• Aim of the exercise:
With nothing omitted, transcribe the entries exactly as written.

□ □ □

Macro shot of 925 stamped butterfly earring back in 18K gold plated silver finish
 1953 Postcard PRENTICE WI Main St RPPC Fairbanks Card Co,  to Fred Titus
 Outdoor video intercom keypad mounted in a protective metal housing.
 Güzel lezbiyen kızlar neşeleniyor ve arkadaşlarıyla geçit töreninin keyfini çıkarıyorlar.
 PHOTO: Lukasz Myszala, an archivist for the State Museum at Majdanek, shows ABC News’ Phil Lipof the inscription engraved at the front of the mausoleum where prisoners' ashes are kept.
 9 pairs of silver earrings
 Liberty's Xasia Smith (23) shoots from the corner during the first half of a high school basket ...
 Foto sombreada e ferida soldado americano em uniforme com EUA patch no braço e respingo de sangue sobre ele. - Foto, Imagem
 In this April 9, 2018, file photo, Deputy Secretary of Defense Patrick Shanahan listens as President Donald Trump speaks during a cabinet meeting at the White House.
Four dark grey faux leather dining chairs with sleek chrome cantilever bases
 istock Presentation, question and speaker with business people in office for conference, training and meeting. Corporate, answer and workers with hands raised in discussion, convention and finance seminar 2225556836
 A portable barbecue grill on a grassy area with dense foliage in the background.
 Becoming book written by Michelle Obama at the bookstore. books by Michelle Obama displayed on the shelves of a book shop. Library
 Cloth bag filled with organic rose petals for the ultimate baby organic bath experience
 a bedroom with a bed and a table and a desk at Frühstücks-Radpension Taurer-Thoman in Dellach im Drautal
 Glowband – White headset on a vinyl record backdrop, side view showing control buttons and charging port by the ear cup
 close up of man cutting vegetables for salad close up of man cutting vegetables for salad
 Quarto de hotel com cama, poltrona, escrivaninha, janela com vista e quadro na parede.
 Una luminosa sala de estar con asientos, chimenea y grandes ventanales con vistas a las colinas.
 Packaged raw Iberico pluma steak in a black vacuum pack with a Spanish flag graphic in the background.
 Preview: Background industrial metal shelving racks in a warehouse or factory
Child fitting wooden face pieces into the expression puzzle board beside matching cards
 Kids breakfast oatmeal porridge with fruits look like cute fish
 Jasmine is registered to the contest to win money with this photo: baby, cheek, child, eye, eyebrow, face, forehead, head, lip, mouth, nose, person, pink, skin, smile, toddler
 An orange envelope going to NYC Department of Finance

□ □ □

• Expected output:
Macro shot of 925 stamped butterfly earring back in 18K gold plated silver finish
 1953 Postcard PRENTICE WI Main St RPPC Fairbanks Card Co,  to Fred Titus
 Outdoor video intercom keypad mounted in a protective metal housing.
 Güzel lezbiyen kızlar neşeleniyor ve arkadaşlarıyla geçit töreninin keyfini çıkarıyorlar.
 PHOTO: Lukasz Myszala, an archivist for the State Museum at Majdanek, shows ABC News’ Phil Lipof the inscription engraved at the front of the mausoleum where prisoners' ashes are kept.
 9 pairs of silver earrings
 Liberty's Xasia Smith (23) shoots from the corner during the first half of a high school basket ...
 Foto sombreada e ferida soldado americano em uniforme com EUA patch no braço e respingo de sangue sobre ele. - Foto, Imagem
 In this April 9, 2018, file photo, Deputy Secretary of Defense Patrick Shanahan listens as President Donald Trump speaks during a cabinet meeting at the White House.
Four dark grey faux leather dining chairs with sleek chrome cantilever bases
 istock Presentation, question and speaker with business people in office for conference, training and meeting. Corporate, answer and workers with hands raised in discussion, convention and finance seminar 2225556836
 A portable barbecue grill on a grassy area with dense foliage in the background.
 Becoming book written by Michelle Obama at the bookstore. books by Michelle Obama displayed on the shelves of a book shop. Library
 Cloth bag filled with organic rose petals for the ultimate baby organic bath experience
 a bedroom with a bed and a table and a desk at Frühstücks-Radpension Taurer-Thoman in Dellach im Drautal
 Glowband – White headset on a vinyl record backdrop, side view showing control buttons and charging port by the ear cup
 close up of man cutting vegetables for salad close up of man cutting vegetables for salad
 Quarto de hotel com cama, poltrona, escrivaninha, janela com vista e quadro na parede.
 Una luminosa sala de estar con asientos, chimenea y grandes ventanales con vistas a las colinas.
 Packaged raw Iberico pluma steak in a black vacuum pack with a Spanish flag graphic in the background.
 Preview: Background industrial metal shelving racks in a warehouse or factory
Child fitting wooden face pieces into the expression puzzle board beside matching cards
 Kids breakfast oatmeal porridge with fruits look like cute fish
 Jasmine is registered to the contest to win money with this photo: baby, cheek, child, eye, eyebrow, face, forehead, head, lip, mouth, nose, person, pink, skin, smile, toddler
 An orange envelope going to NYC Department of Finance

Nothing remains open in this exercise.